(Material to process Opens)

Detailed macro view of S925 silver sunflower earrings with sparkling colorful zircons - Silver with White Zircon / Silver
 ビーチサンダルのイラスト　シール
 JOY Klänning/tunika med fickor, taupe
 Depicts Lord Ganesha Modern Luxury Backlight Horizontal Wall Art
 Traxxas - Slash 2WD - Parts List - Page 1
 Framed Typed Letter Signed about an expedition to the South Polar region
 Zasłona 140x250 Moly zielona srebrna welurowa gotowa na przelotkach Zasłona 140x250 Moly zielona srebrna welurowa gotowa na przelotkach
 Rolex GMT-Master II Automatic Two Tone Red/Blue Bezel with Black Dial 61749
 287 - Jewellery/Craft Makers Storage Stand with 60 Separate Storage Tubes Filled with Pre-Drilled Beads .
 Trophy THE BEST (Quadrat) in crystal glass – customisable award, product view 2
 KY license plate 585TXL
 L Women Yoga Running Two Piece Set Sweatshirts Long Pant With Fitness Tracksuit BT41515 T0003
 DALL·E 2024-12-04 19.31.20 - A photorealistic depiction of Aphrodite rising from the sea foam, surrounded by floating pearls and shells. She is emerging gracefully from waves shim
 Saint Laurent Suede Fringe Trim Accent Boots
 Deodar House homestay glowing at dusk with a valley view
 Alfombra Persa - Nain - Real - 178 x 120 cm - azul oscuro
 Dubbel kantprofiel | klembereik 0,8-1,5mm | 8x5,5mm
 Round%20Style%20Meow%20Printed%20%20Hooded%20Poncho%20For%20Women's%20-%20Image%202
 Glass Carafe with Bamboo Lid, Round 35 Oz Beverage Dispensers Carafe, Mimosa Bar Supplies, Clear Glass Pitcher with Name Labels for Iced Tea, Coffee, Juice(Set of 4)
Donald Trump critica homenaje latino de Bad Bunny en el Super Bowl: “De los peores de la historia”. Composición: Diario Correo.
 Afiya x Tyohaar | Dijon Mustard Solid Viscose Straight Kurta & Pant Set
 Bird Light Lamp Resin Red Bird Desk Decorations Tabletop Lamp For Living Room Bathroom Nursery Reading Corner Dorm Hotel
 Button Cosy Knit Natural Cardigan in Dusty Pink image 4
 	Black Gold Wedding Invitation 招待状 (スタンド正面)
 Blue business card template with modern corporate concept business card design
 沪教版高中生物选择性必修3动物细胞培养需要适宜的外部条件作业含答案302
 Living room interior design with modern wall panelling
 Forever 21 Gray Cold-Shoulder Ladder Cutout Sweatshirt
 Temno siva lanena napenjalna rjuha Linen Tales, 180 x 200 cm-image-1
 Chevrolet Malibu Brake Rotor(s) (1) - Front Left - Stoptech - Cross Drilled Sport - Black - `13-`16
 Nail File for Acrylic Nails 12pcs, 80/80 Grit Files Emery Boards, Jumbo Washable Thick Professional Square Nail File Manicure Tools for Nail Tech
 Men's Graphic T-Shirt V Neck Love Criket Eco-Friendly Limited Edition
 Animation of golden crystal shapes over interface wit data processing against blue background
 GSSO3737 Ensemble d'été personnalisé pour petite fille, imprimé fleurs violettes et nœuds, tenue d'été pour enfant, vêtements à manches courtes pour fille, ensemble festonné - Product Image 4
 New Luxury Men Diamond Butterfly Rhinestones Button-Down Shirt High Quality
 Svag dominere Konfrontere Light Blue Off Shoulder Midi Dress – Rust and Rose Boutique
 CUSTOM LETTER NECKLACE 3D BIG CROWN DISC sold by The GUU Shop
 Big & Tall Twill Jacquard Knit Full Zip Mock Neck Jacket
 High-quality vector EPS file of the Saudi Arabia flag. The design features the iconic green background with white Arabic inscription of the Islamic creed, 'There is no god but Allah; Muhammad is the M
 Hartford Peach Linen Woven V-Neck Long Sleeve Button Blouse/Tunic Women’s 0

(Material to process Closes)

Your task is to list each line of the records with the word "Long".

 L Women Yoga Running Two Piece Set Sweatshirts Long Pant With Fitness Tracksuit BT41515 T0003
 Hartford Peach Linen Woven V-Neck Long Sleeve Button Blouse/Tunic Women’s 0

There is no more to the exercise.